§ **THE DATA**
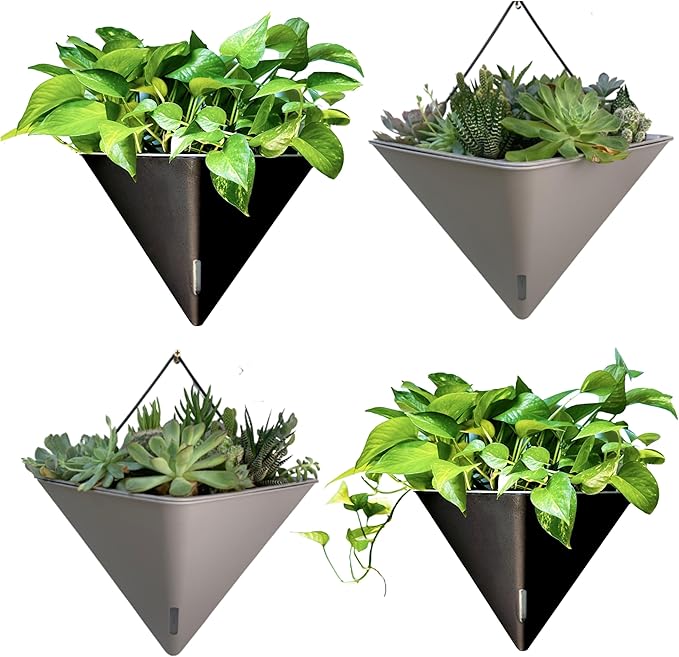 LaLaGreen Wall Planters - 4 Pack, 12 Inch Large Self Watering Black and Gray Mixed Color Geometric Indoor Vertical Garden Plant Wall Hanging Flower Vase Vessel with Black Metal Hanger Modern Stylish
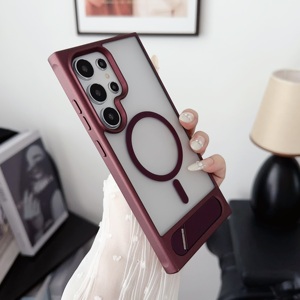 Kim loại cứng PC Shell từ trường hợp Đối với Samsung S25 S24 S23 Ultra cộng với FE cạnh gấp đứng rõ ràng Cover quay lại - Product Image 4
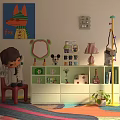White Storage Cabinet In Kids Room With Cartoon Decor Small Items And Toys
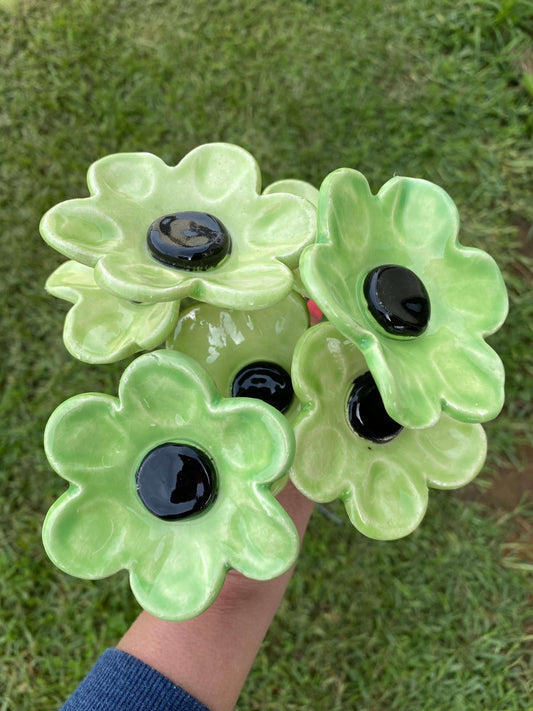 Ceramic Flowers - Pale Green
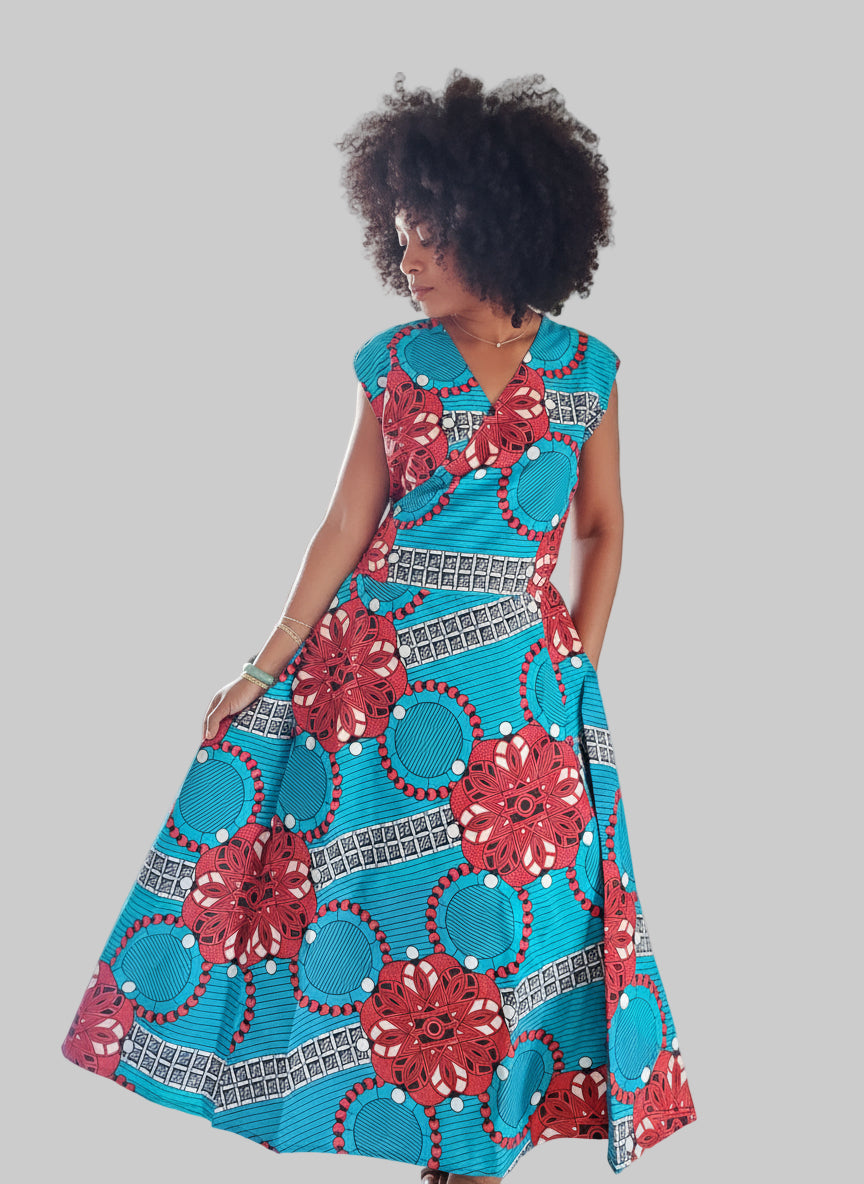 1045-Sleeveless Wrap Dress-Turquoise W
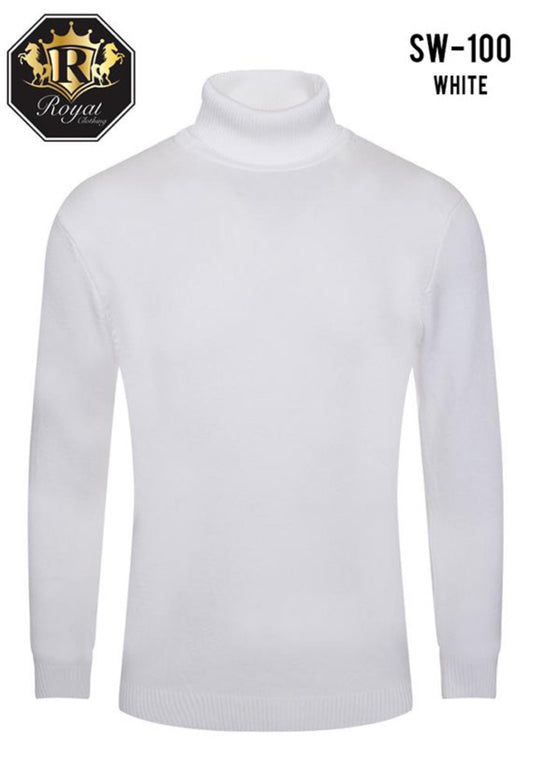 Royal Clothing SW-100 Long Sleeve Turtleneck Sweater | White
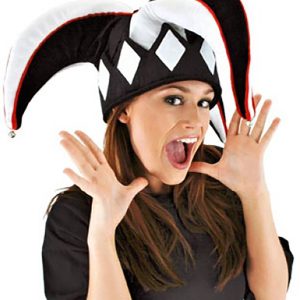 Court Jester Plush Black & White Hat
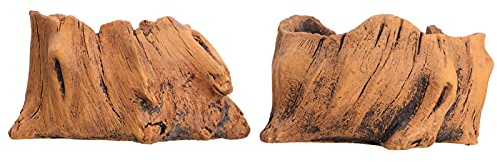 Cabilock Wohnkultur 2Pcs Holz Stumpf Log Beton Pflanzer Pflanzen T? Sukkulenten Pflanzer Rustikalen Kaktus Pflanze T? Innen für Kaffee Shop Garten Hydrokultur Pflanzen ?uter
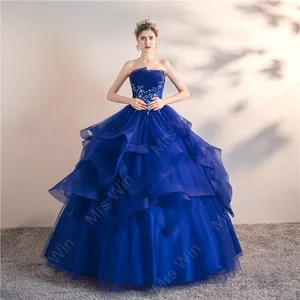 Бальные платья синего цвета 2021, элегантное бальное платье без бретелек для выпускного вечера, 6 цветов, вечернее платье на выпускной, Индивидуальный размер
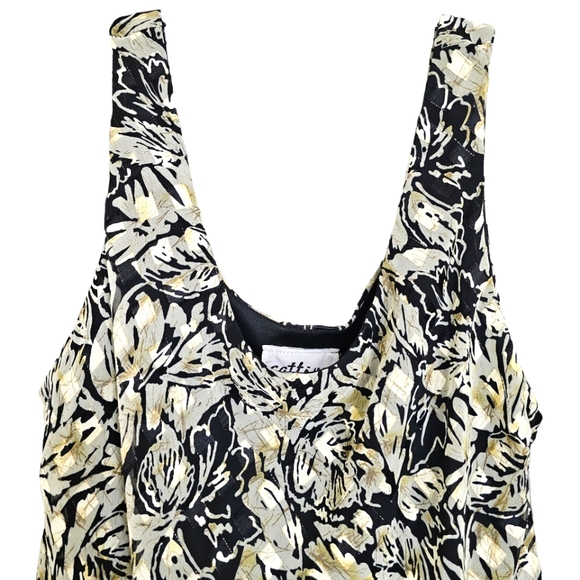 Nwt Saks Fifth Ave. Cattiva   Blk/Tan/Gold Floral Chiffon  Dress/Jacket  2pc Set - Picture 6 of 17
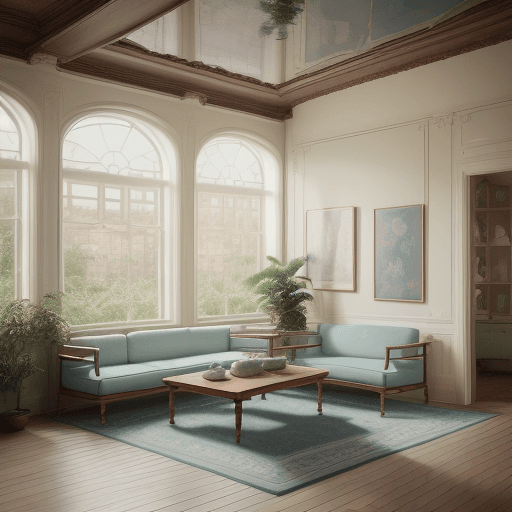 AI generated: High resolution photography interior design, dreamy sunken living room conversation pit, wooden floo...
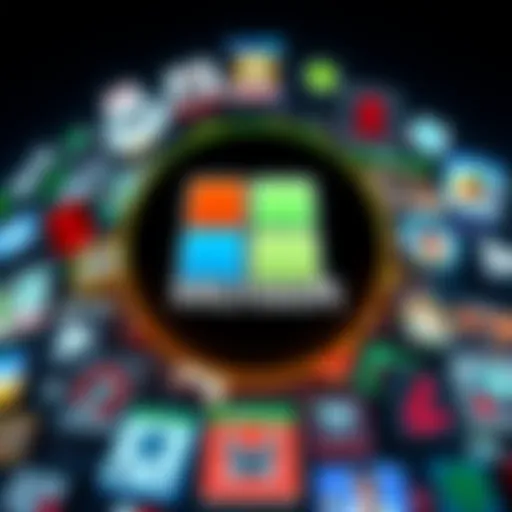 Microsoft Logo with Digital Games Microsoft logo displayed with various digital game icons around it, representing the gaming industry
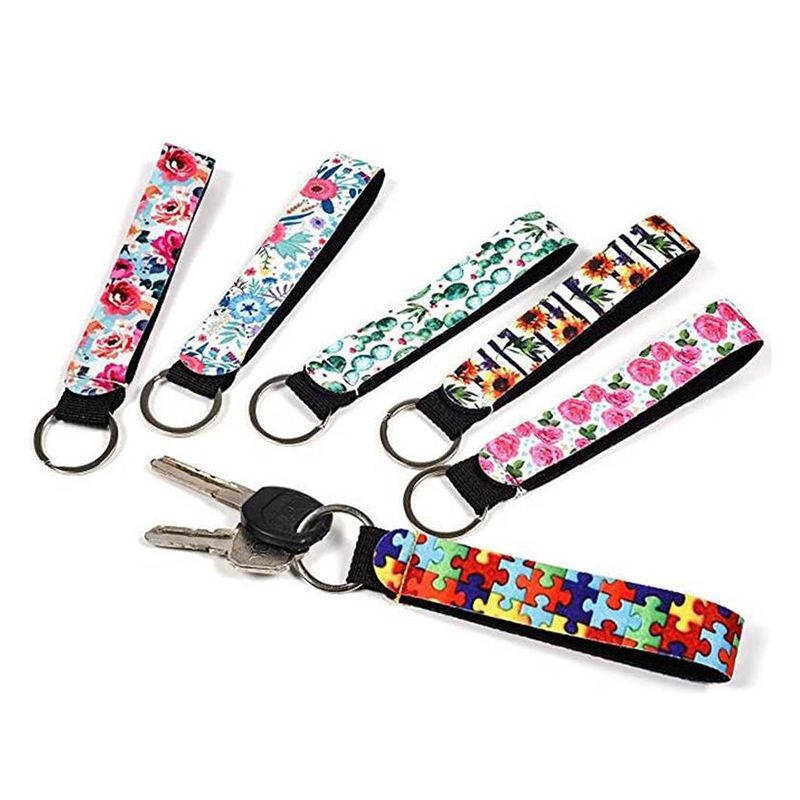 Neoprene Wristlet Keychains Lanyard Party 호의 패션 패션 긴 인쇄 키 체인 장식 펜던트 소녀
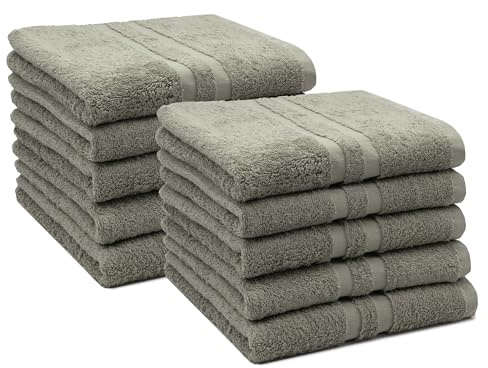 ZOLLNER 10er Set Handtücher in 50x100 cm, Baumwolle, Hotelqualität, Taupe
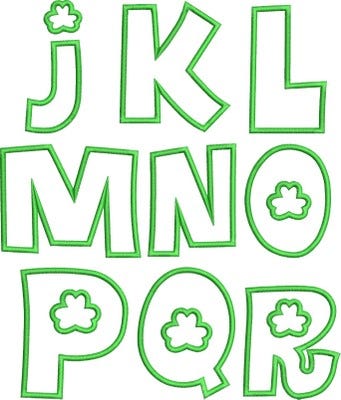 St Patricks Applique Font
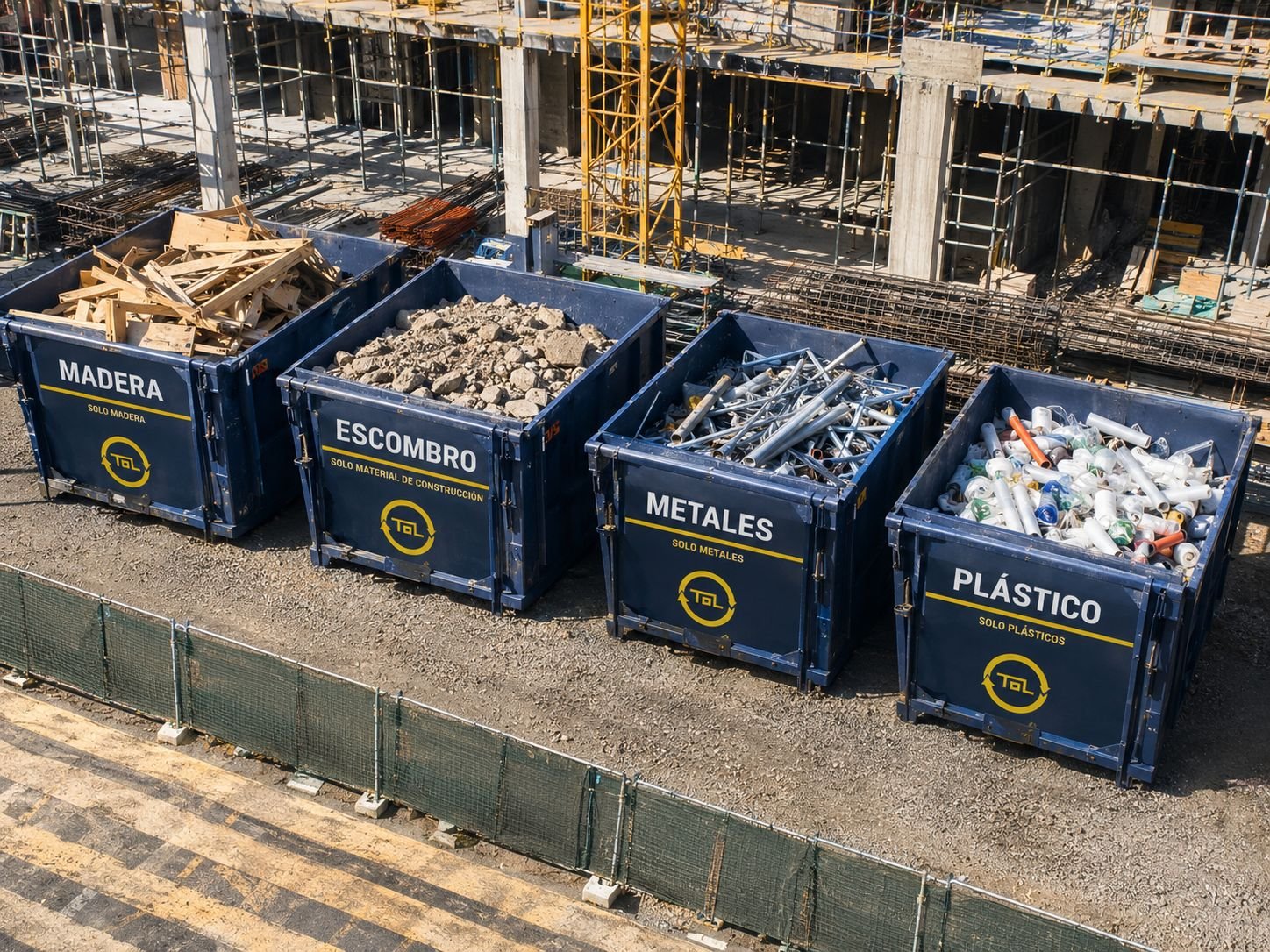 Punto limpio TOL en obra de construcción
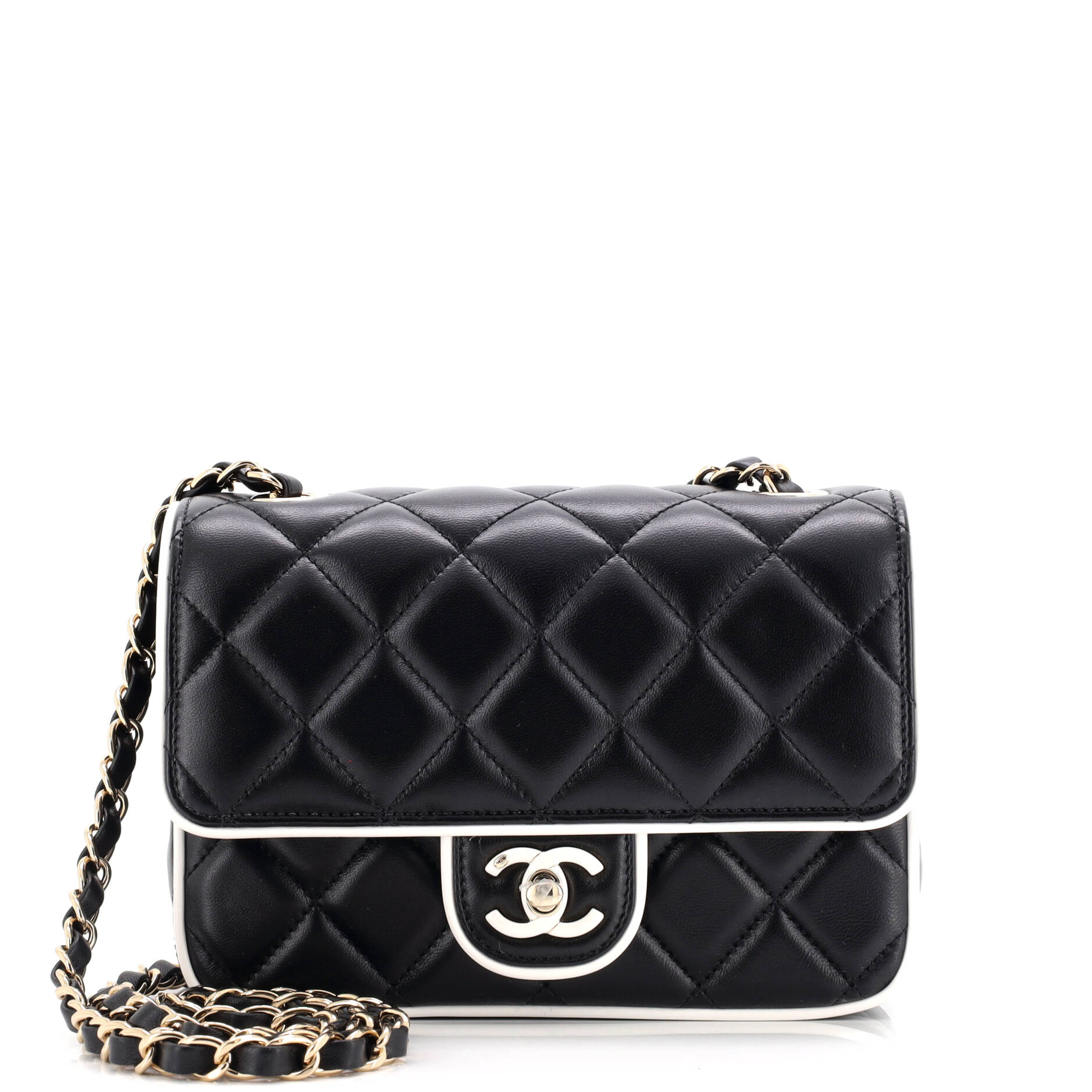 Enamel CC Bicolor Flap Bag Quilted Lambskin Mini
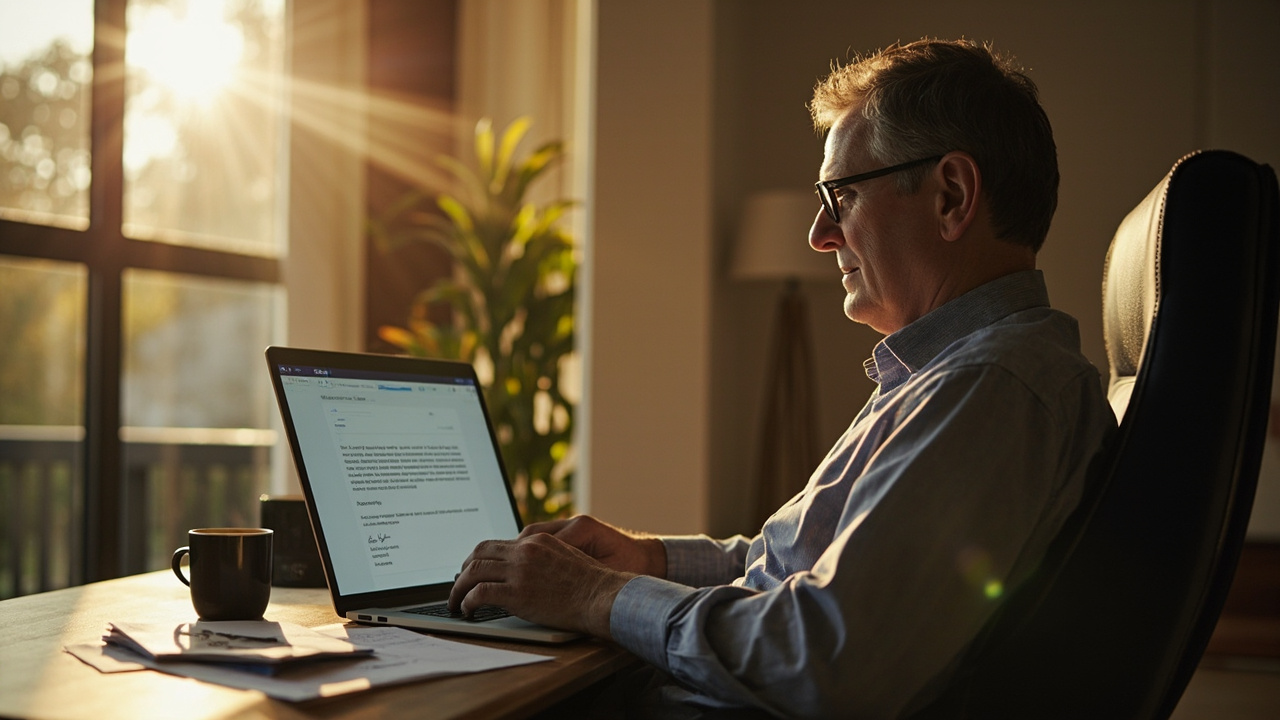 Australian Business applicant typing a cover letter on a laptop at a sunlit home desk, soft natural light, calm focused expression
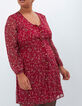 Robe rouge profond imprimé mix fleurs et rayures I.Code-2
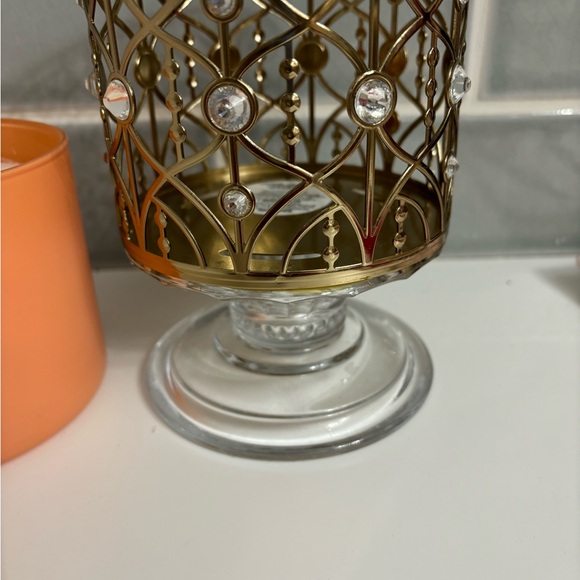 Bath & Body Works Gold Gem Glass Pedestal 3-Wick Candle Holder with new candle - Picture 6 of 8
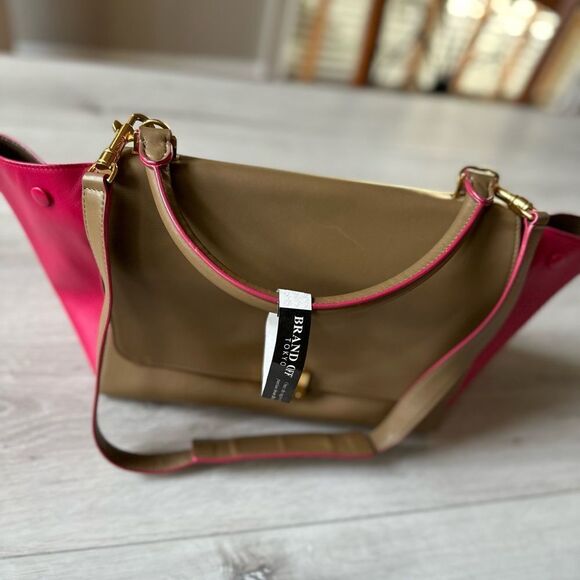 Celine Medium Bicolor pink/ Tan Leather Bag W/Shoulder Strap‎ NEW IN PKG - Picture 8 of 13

§ **GOAL OF THE EXERCISE**
Would you output the lines above from the line holding "Cabilock Wohnkultur 2Pcs" up to and including the line holding "Enamel CC Bicolor", exactly and only those, with no pictures?

§ **EXERCISE RESPONSE**
 Cabilock Wohnkultur 2Pcs Holz Stumpf Log Beton Pflanzer Pflanzen T? Sukkulenten Pflanzer Rustikalen Kaktus Pflanze T? Innen für Kaffee Shop Garten Hydrokultur Pflanzen ?uter
 Бальные платья синего цвета 2021, элегантное бальное платье без бретелек для выпускного вечера, 6 цветов, вечернее платье на выпускной, Индивидуальный размер
 Nwt Saks Fifth Ave. Cattiva   Blk/Tan/Gold Floral Chiffon  Dress/Jacket  2pc Set - Picture 6 of 17
 AI generated: High resolution photography interior design, dreamy sunken living room conversation pit, wooden floo...
 Microsoft Logo with Digital Games Microsoft logo displayed with various digital game icons around it, representing the gaming industry
 Neoprene Wristlet Keychains Lanyard Party 호의 패션 패션 긴 인쇄 키 체인 장식 펜던트 소녀
 ZOLLNER 10er Set Handtücher in 50x100 cm, Baumwolle, Hotelqualität, Taupe
 St Patricks Applique Font
 Punto limpio TOL en obra de construcción
 Enamel CC Bicolor Flap Bag Quilted Lambskin Mini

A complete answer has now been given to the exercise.